André Leroy (ABS) en Eddy Leloup (Boerenbond)

Melkoorlog nog lang niet uitgemolken
2 januari 2009  – Laatst bijgewerkt om 4 april 2020 15:52
Lees meer over:
Voor de Gentse kortgedingrechter verdedigden elf melkveehouders zich maandag in een kort geding dat is aangespannen door zuivelreus Campina. Allicht valt de uitspraak in de loop van volgende week. Aan de melkvee-experts Eddy Leloup (Boerenbond) en André Leroy (ABS) vroegen we waarom het land van melk en honing in de zuivelsector nog zover af lijkt, ondanks de fors gestegen wereldmarktprijzen.

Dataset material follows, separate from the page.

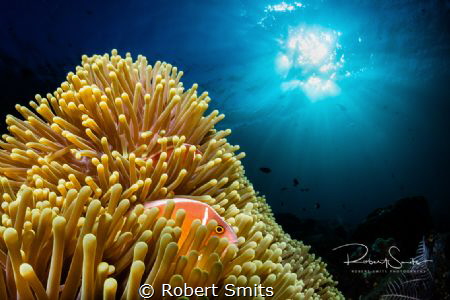 Did you know that clownfish (Nemo) have many relatives in... by Robert Smits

Het kort geding van Campina tegen een dozijn melkveehouders heeft veel kwaad bloed gezet bij de landbouwers. Hebben jullie dan geen begrip voor het feit dat het zuivelconcern opgescheept zit met langlopende leveringscontracten met de grootdistributie?
André Leroy: Melkveehouders die zonder contract leveren aan private melkerijen kunnen sinds jaar en dag op basis van een simpel telefoontje hun levering stopzetten. Tot vier maanden geleden deed ook Campina daar niet moeilijk over. Door een juridisch gevecht aan te gaan met boeren is het bedrijf helemaal uit zijn rol gevallen. Een klein jaar geleden zag Campina de zuivelprijzen bewegen, dat was een reden om voorzichtig te zijn bij prijsonderhandelingen met de distributiesector. Wanneer ik als melkveehouder een verkeerde beslissing neem, moet ik ook op de blaren zitten. Dat bij Campina momenteel een nijpend melktekort dreigt, is trouwens een fabeltje: het concern is nog altijd aanbieder van melk op de spotmarkt.
Eddy Leloup: Het probleem van Campina is simpel: het bedrijf focust op de verkoop van consumptiemelk. Eerst zijn op de wereldmarkt de prijzen van melkpoeder gestegen, en stilaan klimmen nu ook de kaasprijzen. Door zijn productportfolio heeft Campina dus nog niet veel kunnen profiteren van de prijsstijgingen. Dat is trouwens niet onze schuld, want Boerenbond heeft in het voorjaar nog gesprekken gevoerd met de grootdistributie over de ontwikkelingen in de verschillende martksegmenten van de zuivelsector. Het eindresultaat is wel dat Campina plotsklaps miljoenen liters melk ziet wegvloeien door afhakende leveraars, niet alleen in ons land maar bijvoorbeeld ook in Duitsland. Die moeilijke situatie kan ik deels begrijpen omdat het bedrijf zich nu wellicht via de duurdere spotmarkt moet gaan bevoorraden. Totaal onaanvaardbaar is de manier waarop Campina door een gebrekkige communicatie een mokerslag heeft uitgedeeld aan zijn melkveehouders. Zo ga je niet om met boeren!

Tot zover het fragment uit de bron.